--- Data below Enclosed Below ---

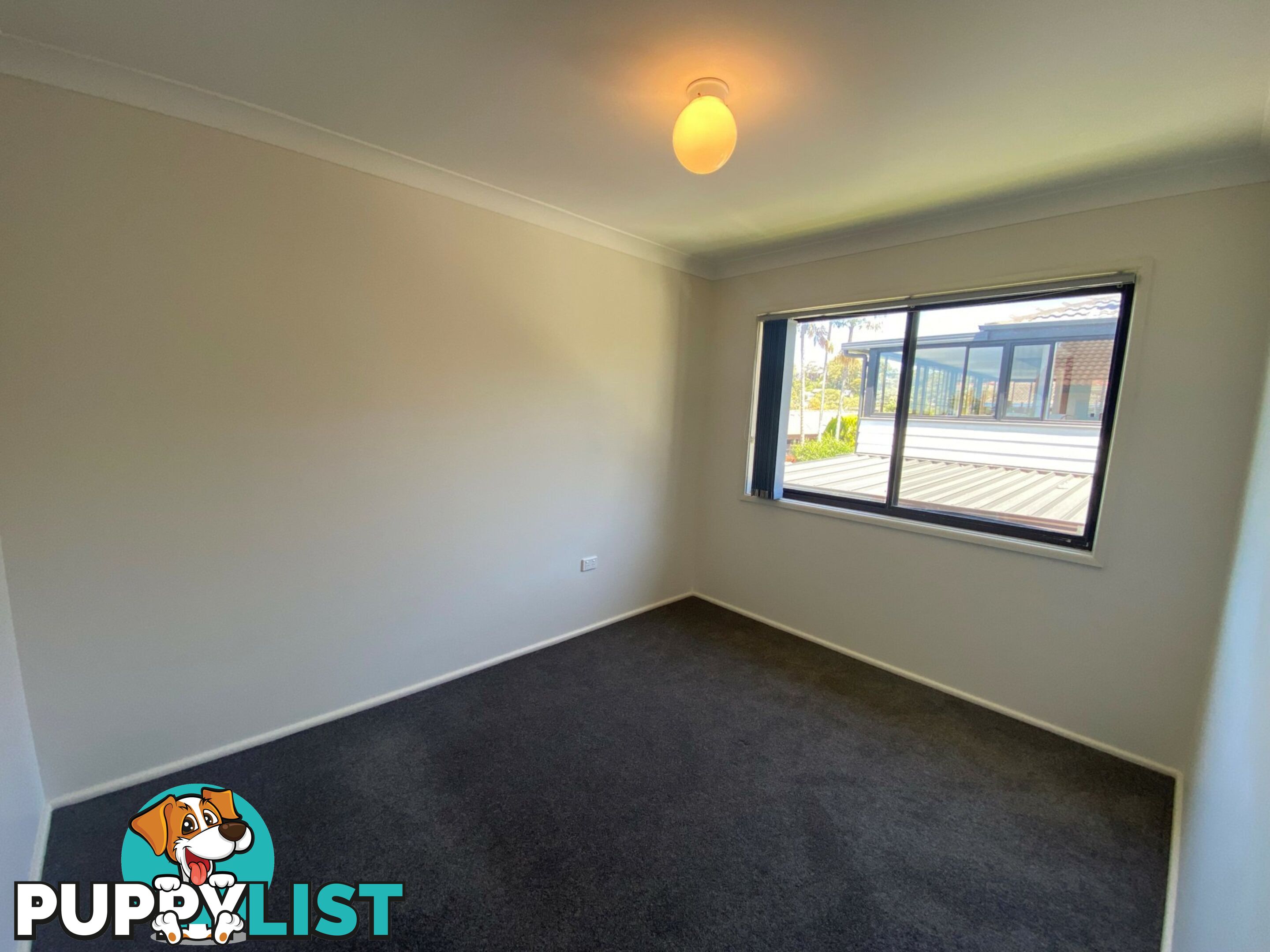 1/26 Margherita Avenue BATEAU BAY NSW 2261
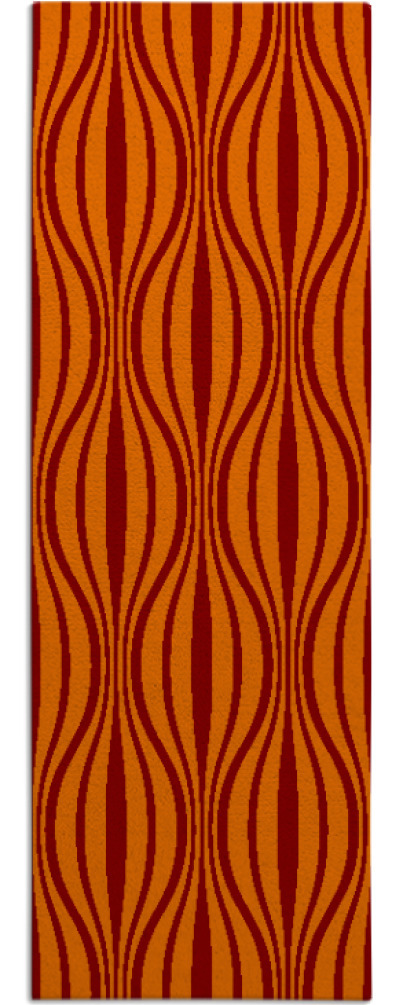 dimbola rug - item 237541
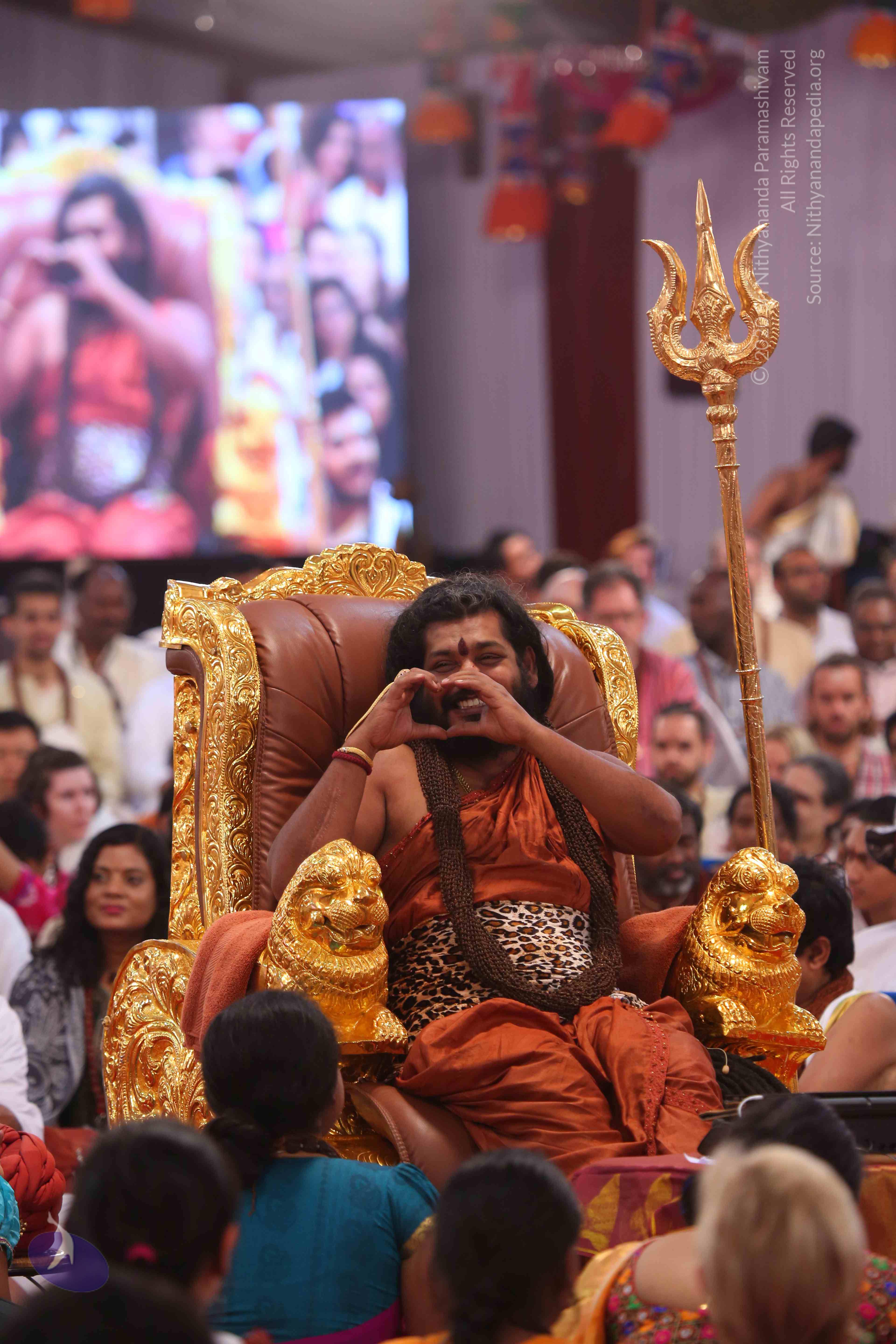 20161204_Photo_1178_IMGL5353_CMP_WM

--- End of Enclosed Data below ---

Every line of the data above should be repeated exactly. Omit the pictures.

Solution
 1/26 Margherita Avenue BATEAU BAY NSW 2261
 dimbola rug - item 237541
 20161204_Photo_1178_IMGL5353_CMP_WM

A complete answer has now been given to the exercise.